Sirius XM Radio (NASDAQ:SIRI) announced a $2 billion share buyback late last year. At that time, Liberty Media (NASDAQ:LMCA) had not yet received permission from the FCC to take control of Sirius XM, and to keep the buyback from pushing Liberty to over 50% ownership, the announcement included the following language:

Liberty Media Corporation, the beneficial owner of approximately 49.8% of the company's stock, has indicated that it will participate in the company's share repurchases on a pro rata basis so that its relative ownership interest will not be affected by the program.

On Jan. 3, Liberty received FCC approval to take de jure control and within the next two weeks purchased sufficient shares to go to majority, as well as took steps to install its own board of directors. While this was taking place, the buyback was on hold. During the February conference call, Sirius XM CFO David Frear made the following comments regarding the share buyback:

In our earnings release this morning, we announced that Liberty Media is not required to participate in our stock buybacks.

He later added:

Two things. When we announced the program in December, we were pretty close to earnings. And so the advice we had was to stay out of the market until we had gotten kind of the material nonpublic information into the marketplace, which I think we effectively do with this call and getting the K filed. You know, with respect to Liberty, when we originally announced the program Liberty was under 50%. We announced that they would be participating pro ratas so as not to accrete their ownership. You know, given that they've gone into the marketplace and they have gone over 50%, that there doesn't seem to be any structural reason why the board should, for instance, insist on their pro rata participation. So it's left to their discretion to participate in a manner that they feel is best for their business.

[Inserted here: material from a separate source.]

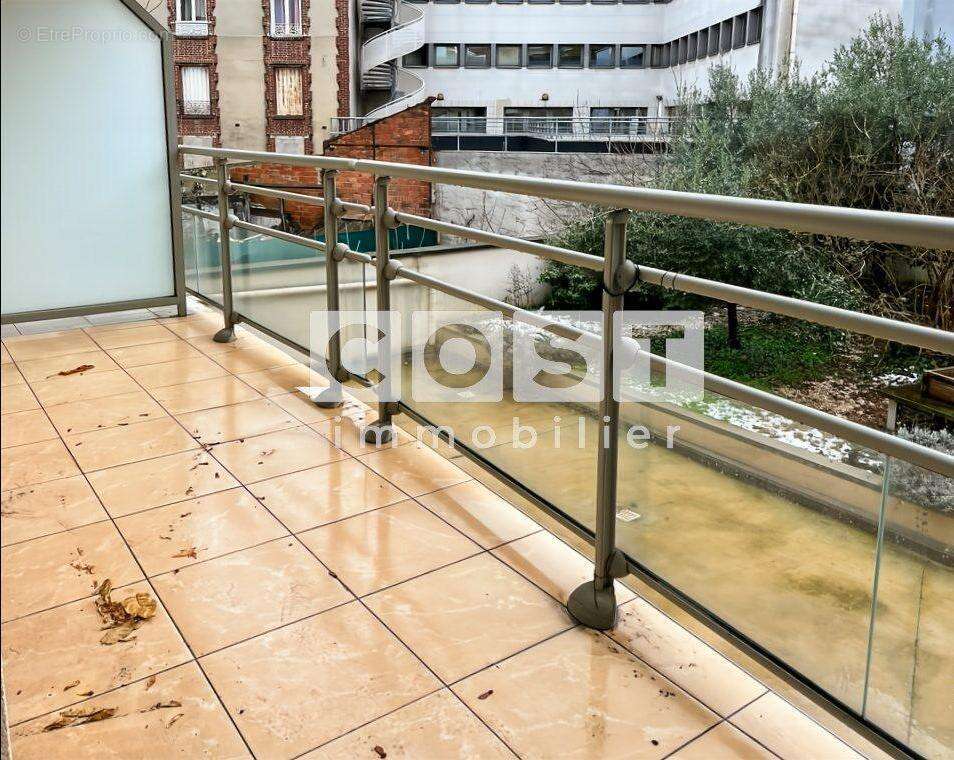 Appartement à ASNIERES-SUR-SEINE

Feb. 4 was the day before the earnings announcement, and the buyback had not begun at that time. Did it begin between the announcement and the close of the first quarter? For the past four years, Sirius XM released first-quarter earnings during the first week in May. At that time, investors will find out whether any shares were purchased during the first quarter.

There have been a variety of interesting articles and comments on Seeking Alpha about the share buyback, whether or not it has begun, and its impact. Many think that the buyback has to be great because it will reduce the number of shares outstanding, result in greater earnings and free cash flow per share, create increased demand for the shares, squeeze the shorts, and lead to a higher share price. Even Frear seems to fall into that camp. On the call referenced above, he said:

Free cash flow per share is also growing at a rapid rate and it will grow faster as we begin to buy back stock. Based on our reported fully diluted shares and free cash flow, free cash flow per share grew from roughly 6.4 cents in 2011 to 10.3 cents in 2012.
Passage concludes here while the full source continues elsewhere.